Un prisme matérialiste et hédoniste sur l’existence
Épicure pensait que le monde (humains compris) était composé d’atomes, éléments insécables (a-tome) de matière et rejetait la croyance généralement admise des quatre éléments. Bien que n’ayant pas pu « découvrir » les atomes au sens scientifique moderne du terme, les atomistes grecs ont tout de même fait preuve d’une intuition géniale dans leur réflexion sur le monde matériel, menant à une vision du monde matériel qui n’est pas tout à fait étrangère à celle que nous avons développée au cours des derniers siècles.
Découlant du principe que l’être humain, et son âme, sont matériels et se dissolvent donc au moment de la mort, et que les dieux n’interviennent pas dans l’existence humaine, il conclut que la seule valeur humaine ultimement tangible est celle du plaisir. Il s’agit donc d’une doctrine hédoniste, à proprement parler. C’est donc sur l’humain et sur les valeurs humaines que se fonde cette philosophie.
Les Épicuriens ne prônaient toutefois pas un hédonisme débridé, mais un plaisir modéré, presque ascétique, défini plus par l’absence de douleur (aponia) et d’angoisse (ataraxie), fondée sur une vie simple au sein d’une communauté humaine chaleureuse.
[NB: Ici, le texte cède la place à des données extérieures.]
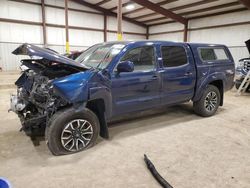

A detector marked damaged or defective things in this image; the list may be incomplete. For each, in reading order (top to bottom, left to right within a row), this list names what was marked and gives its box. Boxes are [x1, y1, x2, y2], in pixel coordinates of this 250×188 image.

crumpled hood [13, 43, 89, 69]
damaged front end [11, 44, 91, 137]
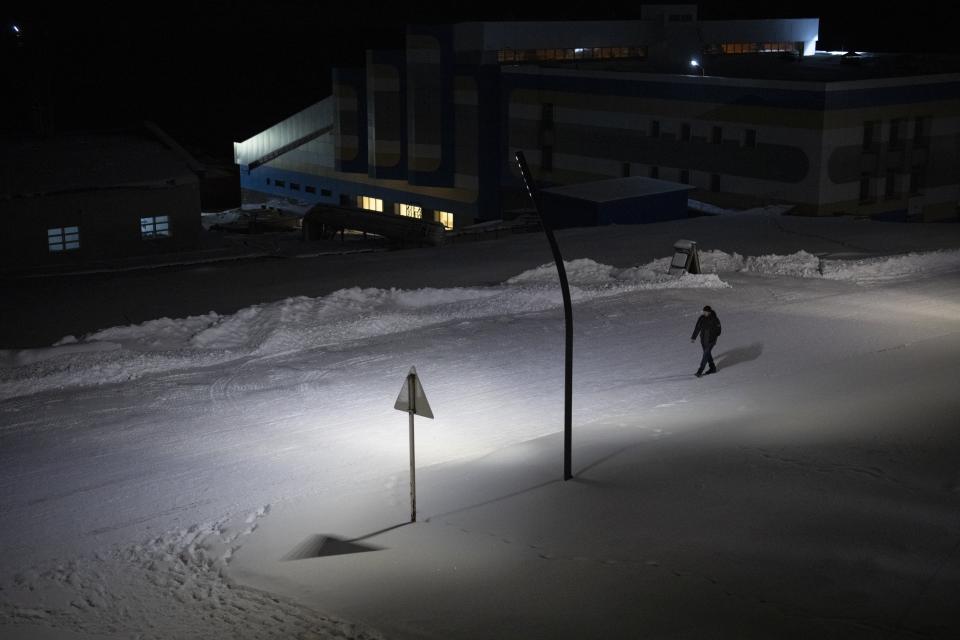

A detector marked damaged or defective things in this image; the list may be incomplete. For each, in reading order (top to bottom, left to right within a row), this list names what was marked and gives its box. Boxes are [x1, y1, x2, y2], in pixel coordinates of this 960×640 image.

bent street lamp post [516, 150, 568, 480]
L’amitié est en effet vue comme une condition du bonheur, tant il est vrai que les humains sont des animaux sociaux qui apirent à l’affection et à la reconnaissance de leurs congénères.
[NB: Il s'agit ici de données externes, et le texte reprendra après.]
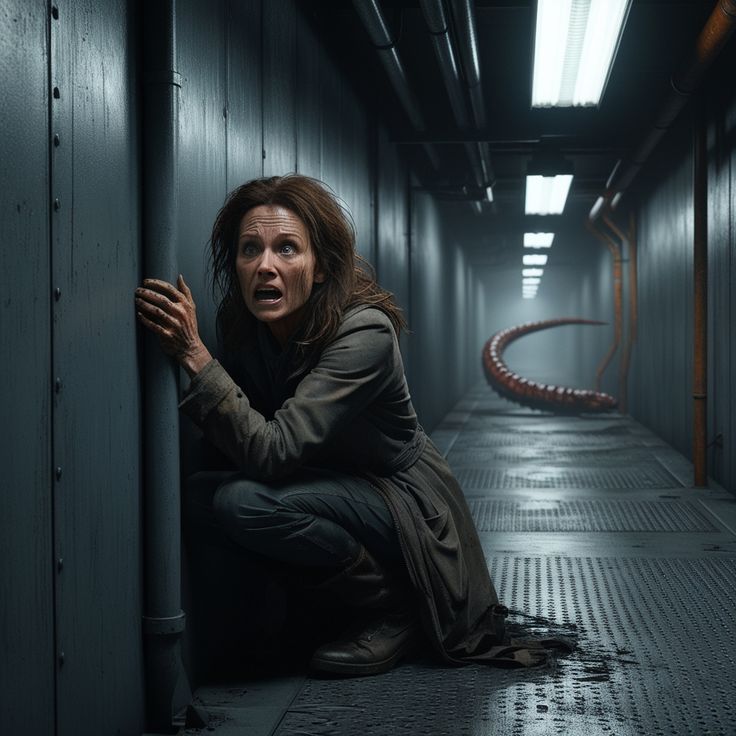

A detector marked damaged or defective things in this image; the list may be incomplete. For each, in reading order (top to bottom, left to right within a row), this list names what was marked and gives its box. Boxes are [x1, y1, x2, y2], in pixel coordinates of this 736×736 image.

rusty pipe [592, 0, 736, 214]
rusty pipe [480, 320, 620, 414]
rusty pipe [588, 218, 620, 394]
L’individu épicurien était mené dans cette vie vers l’ataraxie, soit la paix de l’esprit et l’absence de soucis, ses besoins essentiels étant satisfaits.
Le traitement de la mort
L’attitude épicurienne face à la mort est probablement l’une de ses plus grandes forces. Dans sa lettre à Ménécée (l’un des quelques textes d’Épicure parvenus jusqu’à nous), Épicure écrit : « la mort n’est rien pour nous, tant que nous sommes, la mort n’est pas, et lorsqu’elle est là, c’est nous qui ne somme plus ». C’est l’une des leçons les plus dures mais aussi les plus fondamentales de l’existence selon moi, en tout cas pour l’individu qui ne peut pas croire en une vie après la mort. C’est une maxime à garder en tête, qui permet de relativiser et mettre à distance les difficultés rencontrées dans la vie, ainsi que la peur de la mort. En effet, au pire, on meurt, et la mort n’est « rien » (la sienne propre est imperceptible en tout cas – pas celle des autres)... Elle évite aussi de se prendre trop au sérieux. Nous ne somme qu’humains, après tout, et partageons le même destin, même si le chemin pris est différent pour chacun.
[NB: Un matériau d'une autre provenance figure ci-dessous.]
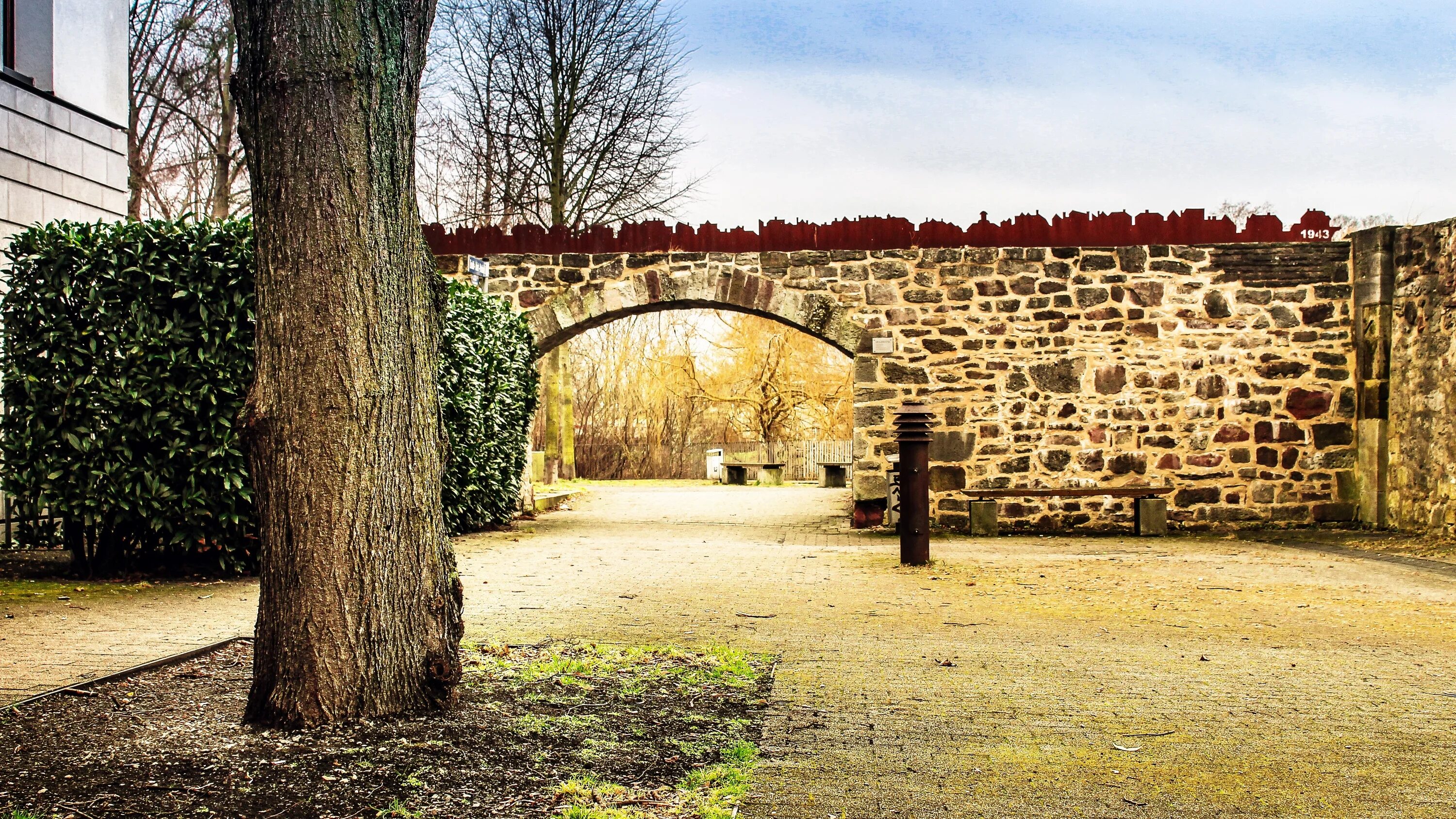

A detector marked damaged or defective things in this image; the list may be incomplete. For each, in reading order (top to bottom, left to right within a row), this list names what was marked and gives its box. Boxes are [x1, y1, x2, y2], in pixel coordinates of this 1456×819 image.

rusty metal bollard [885, 401, 932, 567]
On voit aussi le lien avec l’hédonisme, puisqu’en l’absence de rétribution donnant un sens absolu aux actions humaines, il ne reste plus grand chose pour guider l’action humaine, autre que l’humain lui-même.
Une épistémologie empiriste
C’est par les sens que les connaissances sur le monde sont acquises dans la pensée épicurienne, préfigurant l’empirisme florissant dans la pensée occidentale à partir du XVIIIe siècle. Les connaissances découlent de la perception du monde extérieures, et non d’idées a priori.
Et les dieux dans tout ça ?
Épicure n’était pas athée à proprement parler, ou du moins ne prétendait pas l’être. Les dieux étaient des êtres matériels bienheureux qui, en raison de leur état de béatitude, n’avaient aucune envie ou besoin d’interférer dans les affaires humaines (et donc de leur infliger un quelconque châtiment en raison de telle ou telle action). Ils se contentaient d’exister. Épicure les utilise comme modèles idéaux d’êtres humains « ataraxiques ». La personne heureuse vit « comme un dieu ».
Une exception sociale
Au plan sociologique, en Grèce et dans l’Empire romain, l’épicurisme se distinguait des autres écoles de philosophie par son acceptation des femmes et des esclaves. Tous ne sont ni plus ni moins que des êtres matériels, après tout. C’est donc un ancêtre de notre humanisme moderne.
Tetrapharmakos
La philosophie épicurienne se trouve résume dans ce qu’on appelle le tetrapharmakos, le « quadruple remède » :
- Ne pas craindre les dieux
- Ne pas craindre la mort
- Le bonheur s’obtient facilement
- La souffrance est facile à supporter
Une limite dans le rapport au collectif au sens plus large et au sens ?
L’épicurisme pense essentiellement l’éthique à travers l’individu, ses plaisirs et ses douleurs. Il reconnait l’importance du lien à autrui par sa valorisation de l’amitié, mais, dans sa forme « orthodoxe » (celle d’Épicure, a priori), recommande de s’abstenir de participer à la vie politique et publique, de ne pas rechercher les honneurs, bonheurs superficiels.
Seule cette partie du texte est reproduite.